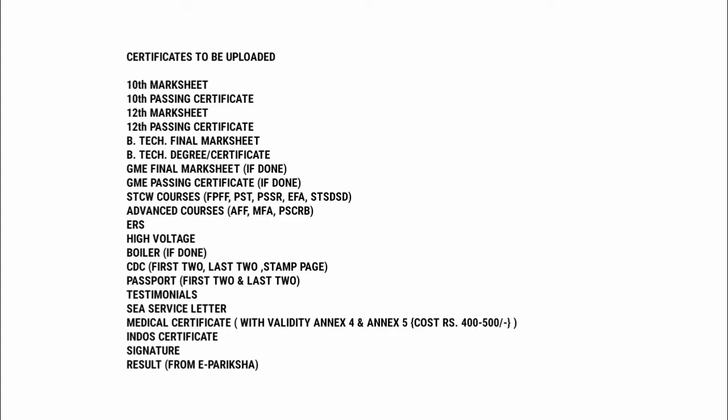So friends, these are all the certificates which you have to upload before submitting your application for CoC on ePariksha. Now I will tell you how to take the result from ePariksha.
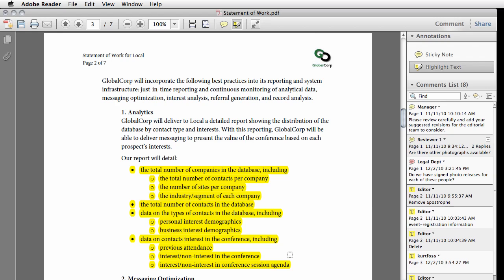There's a checkbox in its properties window that allows you to keep the tool active so you can continue to read and highlight.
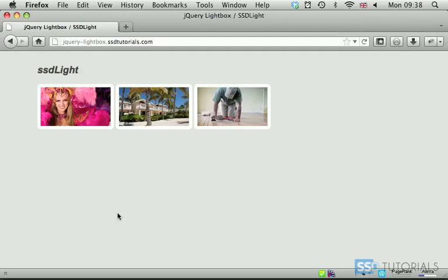Hi, today we'll have a look at how to create our very own Lightbox with jQuery.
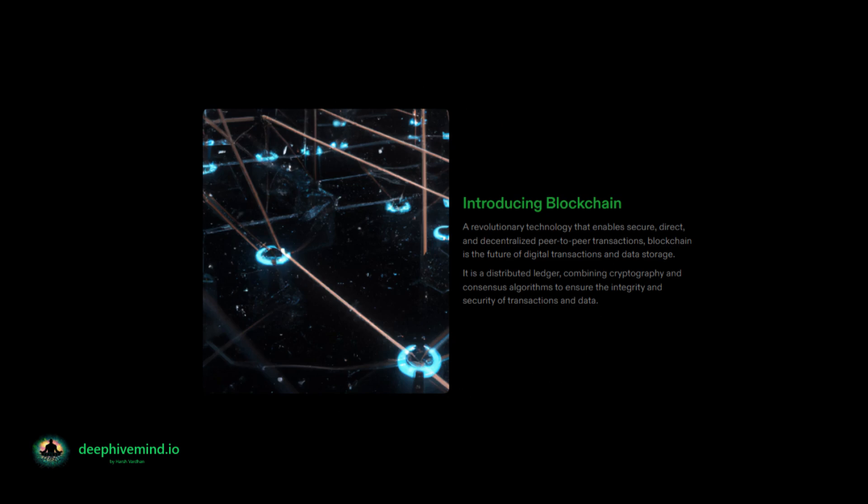Blockchain is a distributed ledger technology that allows for the creation of a secure digital record of transactions that is resistant to tampering and revision. It uses a decentralized network of computers to maintain a continuously growing list of records, called blocks, which are linked and secured using cryptography. Each block contains a cryptographic hash of the previous block, a timestamp, and transaction data.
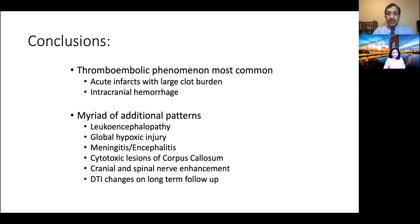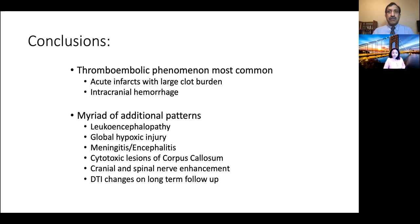Intracranial hemorrhage was also fairly common. In addition, we saw additional patterns including leukoencephalopathy, diffuse leukoencephalopathy of hypoxia, global hypoxic injury, meningitis and encephalitis, cytotoxic lesions of the corpus callosum, olfactory bulb lesions with T2 hyperintensity and enhancement, cranial nerve enhancement, enhancement of the spinal nerves related to Guillain-Barré, and DTI changes described in a single paper reflecting microstructural damage related to COVID-19, which will need additional follow-up studies.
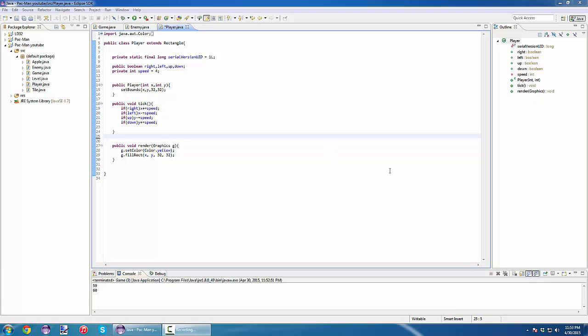Hello guys, welcome to our second video of how to develop a Pacman game from scratch in Java. Today we are only going to handle collisions with our blocks. Another thing I want to tell you guys...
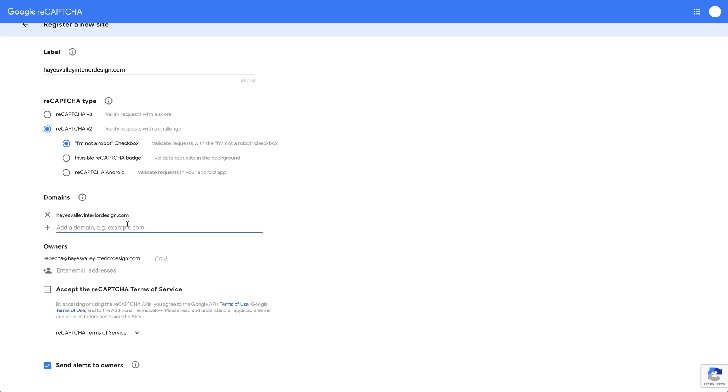Then the second thing we're going to ask for is this: we're going to get hayesvalley.webflow.io. We want our client to add this second piece of information, and the reason we're doing that is when we're staging this site, when we're testing it.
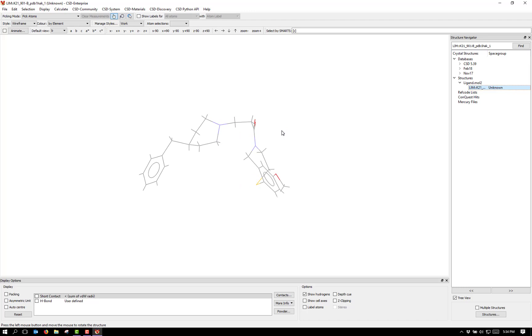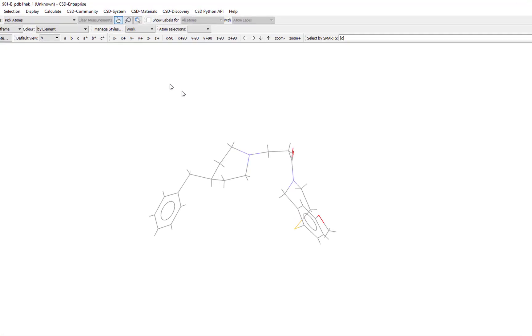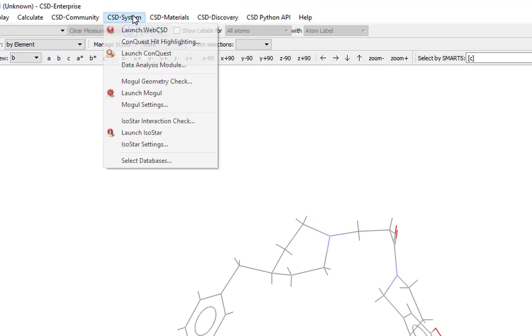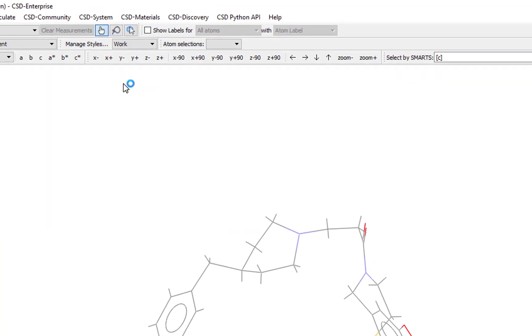To run the Mogul geometry analysis, choose CSD system from the top level menu and then select Mogul geometry check.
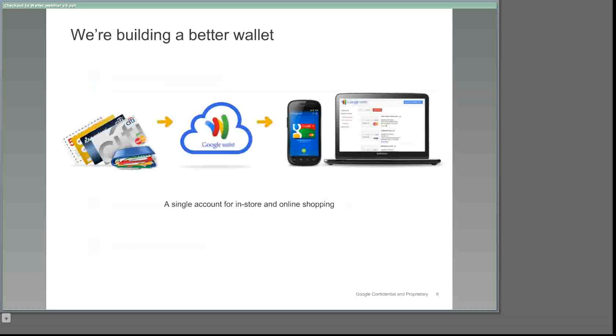What do we mean when we say that Google Wallet is now expanding online? It means that we're bringing customers a convenient, secure, and seamless shopping experience with a single account across offline and online purchasing channels. In sum, we're broadening the Google Wallet vision by giving your customers a single digital wallet for use not only in stores, but also on the web.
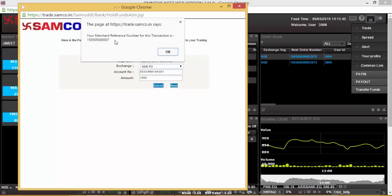Here a merchant reference number will pop up. Kindly note this number. On clicking OK, you will be redirected to your bank's payment gateway portal where you will be required to make the transfer.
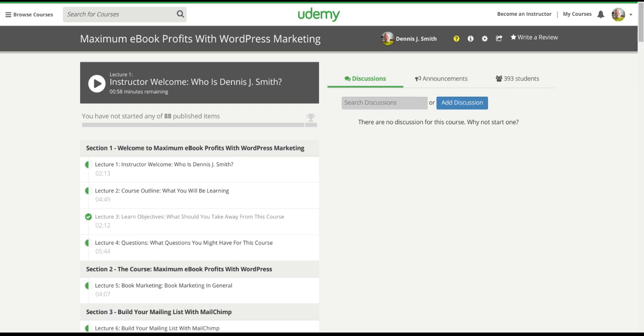Hi, students. I just wanted to welcome you again to Maximum Ebook Profits with WordPress Marketing. I want to thank you for taking my course, and I want to remind you of a couple of features on Udemy.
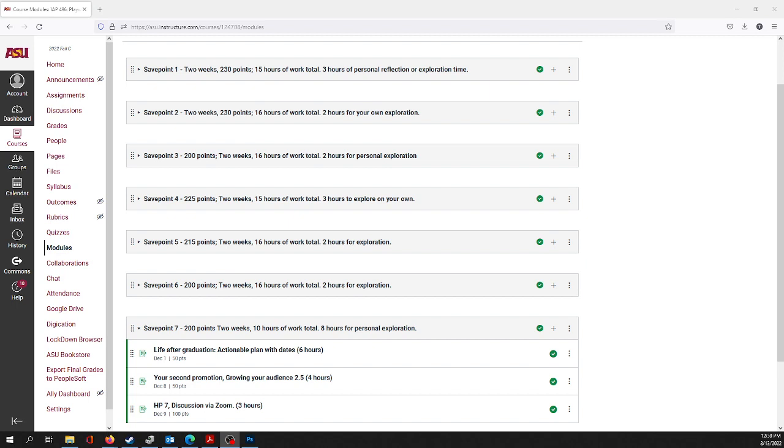So in this safe point, we are going to look at life after graduation. What is your actual plan with dates look like? How have you refined it? And are we both confident that you will have a plan, something you know you're going to do, how you're going to live your life after you have crossed the stage and collected your degree and your certificate and have continued on into the world?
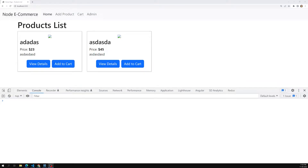Hi friends, this is Leela, welcome to my channel Leela WebDev. In the previous session we successfully learned about MySQL — how to access the MySQL database in Node.js using the mysql2 package.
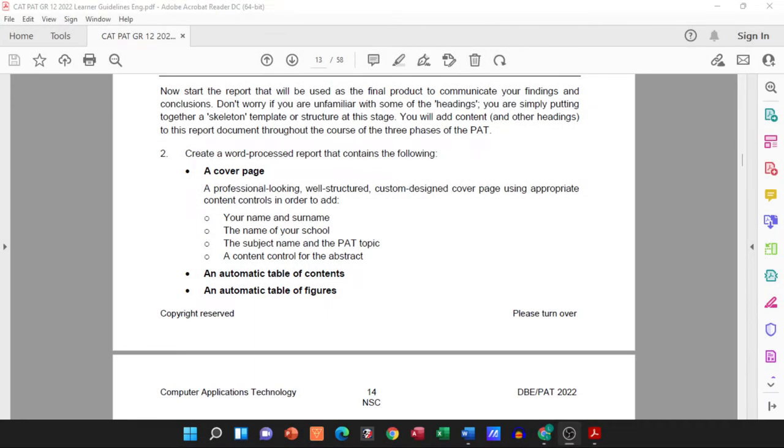Hi guys and welcome to today's video in which I'm just going to touch on our first aspect of the report. This is for your phase one working document and this is for the PAT across the board from grade 10 through to grade 12.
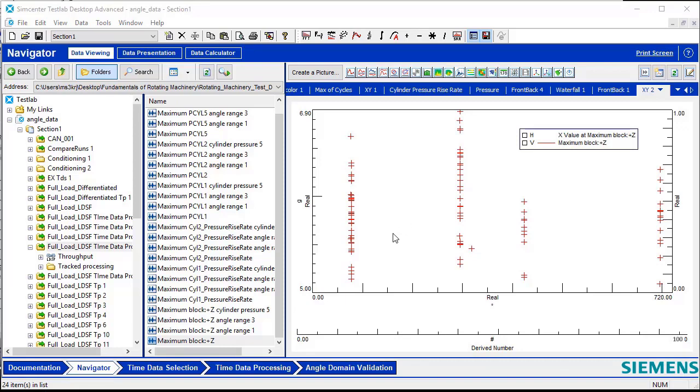Hopefully, this video has given you a good idea of some of the features available with the Angle Domain Processing add-in.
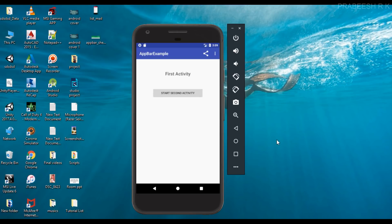Hello guys, once again welcome back to another Android application development tutorial. In this video I am going to show you how to place a home button on each activity's app bar so that the user can go back to the home screen with a single click. For example, if there are N number of activities in your Android application, the user needs to click the back button N minus one times to get back to the home screen. That is not a good programming practice because it affects the overall user experience of your application.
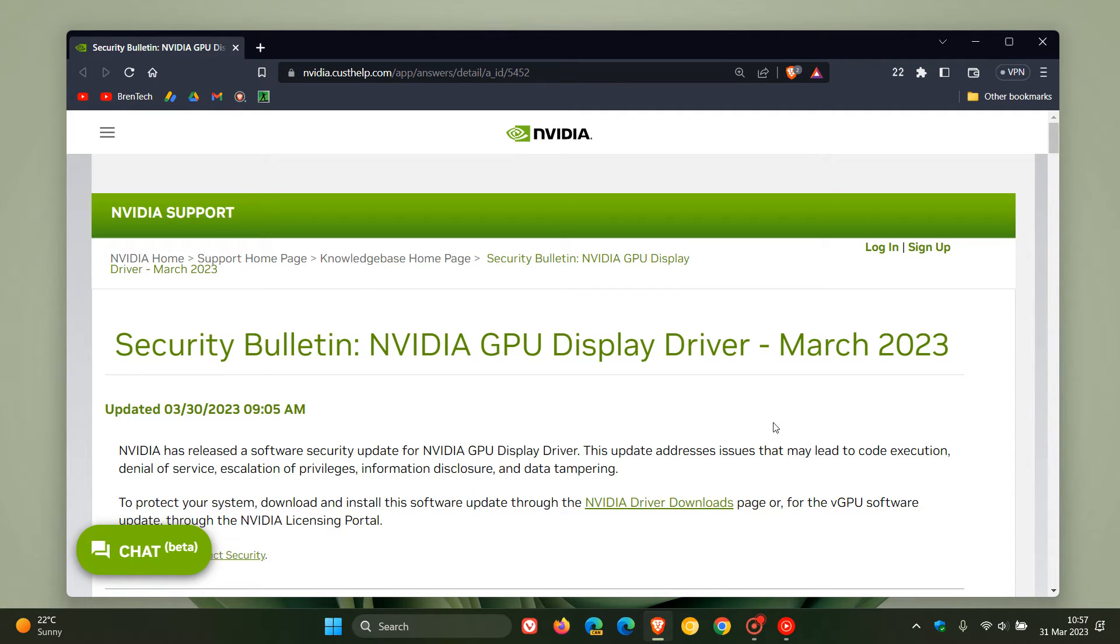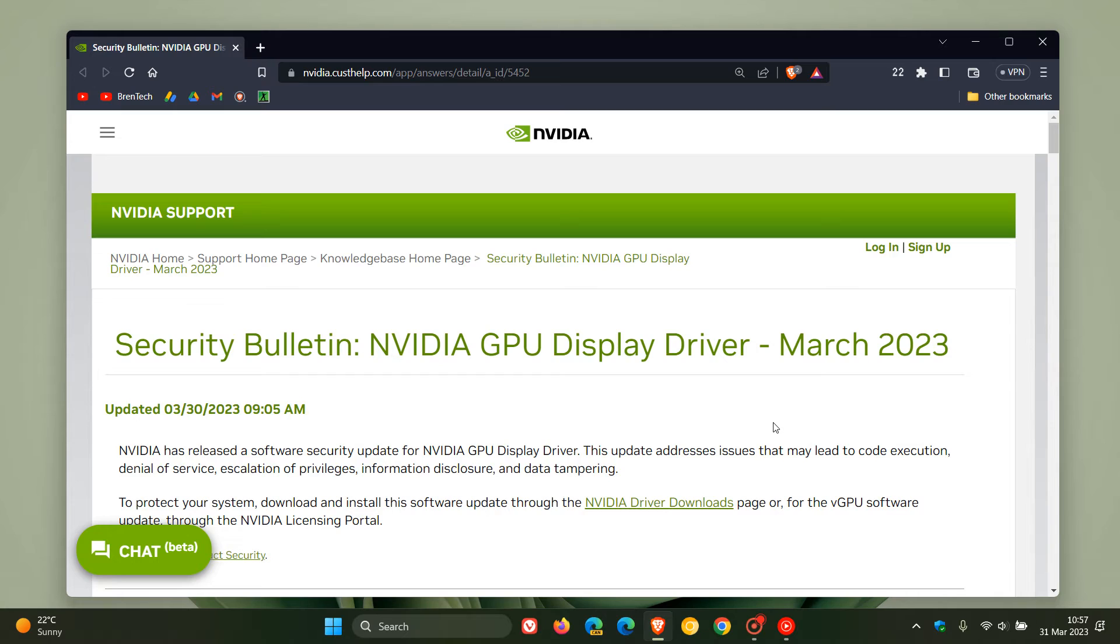This doesn't bring any new features or optimizations. This is purely a security update because it's meant to patch some of the security issues that some users on those different platforms of Windows have been experiencing. If you are running one of the older Kepler series GPUs, make sure you get this update sooner than later to keep your system safe and secure.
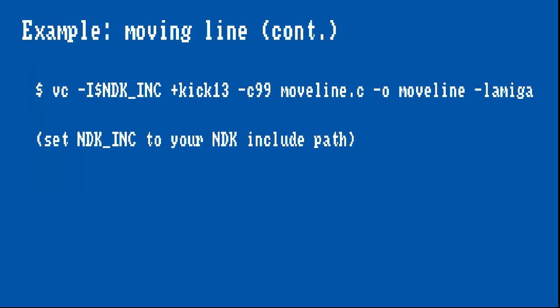To compile the above program, we need to provide a few more options. Since I use single line comments, I need to tell the compiler that we want to use the C99 standard and we also want to link with the Amiga library to have the custom variable automatically placed in our program.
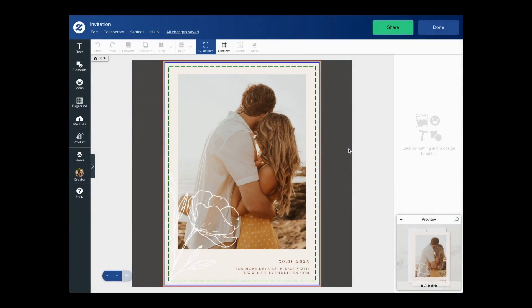Hi everyone, I'm here to share a new design tool feature with you. It's a new way to crop and reposition your image on Zazzle. Let me show you how.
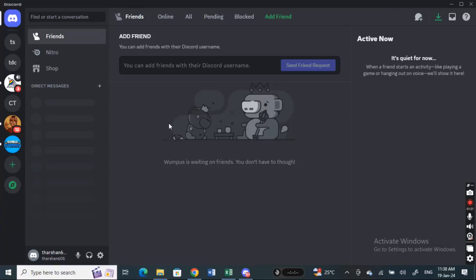Hi everyone, welcome back to our channel. Today in this video I'm going to show you how to pay for Discord Nitro using PayPal. So let's get into the video.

********

TASK DETAILS
Look above for the line with "Hi friends, this", then print it and each line after it down to and including the line with "This doesn't bring". Leave out the pictures and keep the wording exact.

TASK RESPONSE
Hi friends, this is Leela, welcome to my channel Leela WebDev. In the previous session we successfully learned about MySQL — how to access the MySQL database in Node.js using the mysql2 package.
Hi guys and welcome to today's video in which I'm just going to touch on our first aspect of the report. This is for your phase one working document and this is for the PAT across the board from grade 10 through to grade 12.
Hopefully, this video has given you a good idea of some of the features available with the Angle Domain Processing add-in.
Hello guys, once again welcome back to another Android application development tutorial. In this video I am going to show you how to place a home button on each activity's app bar so that the user can go back to the home screen with a single click. For example, if there are N number of activities in your Android application, the user needs to click the back button N minus one times to get back to the home screen. That is not a good programming practice because it affects the overall user experience of your application.
This doesn't bring any new features or optimizations. This is purely a security update because it's meant to patch some of the security issues that some users on those different platforms of Windows have been experiencing. If you are running one of the older Kepler series GPUs, make sure you get this update sooner than later to keep your system safe and secure.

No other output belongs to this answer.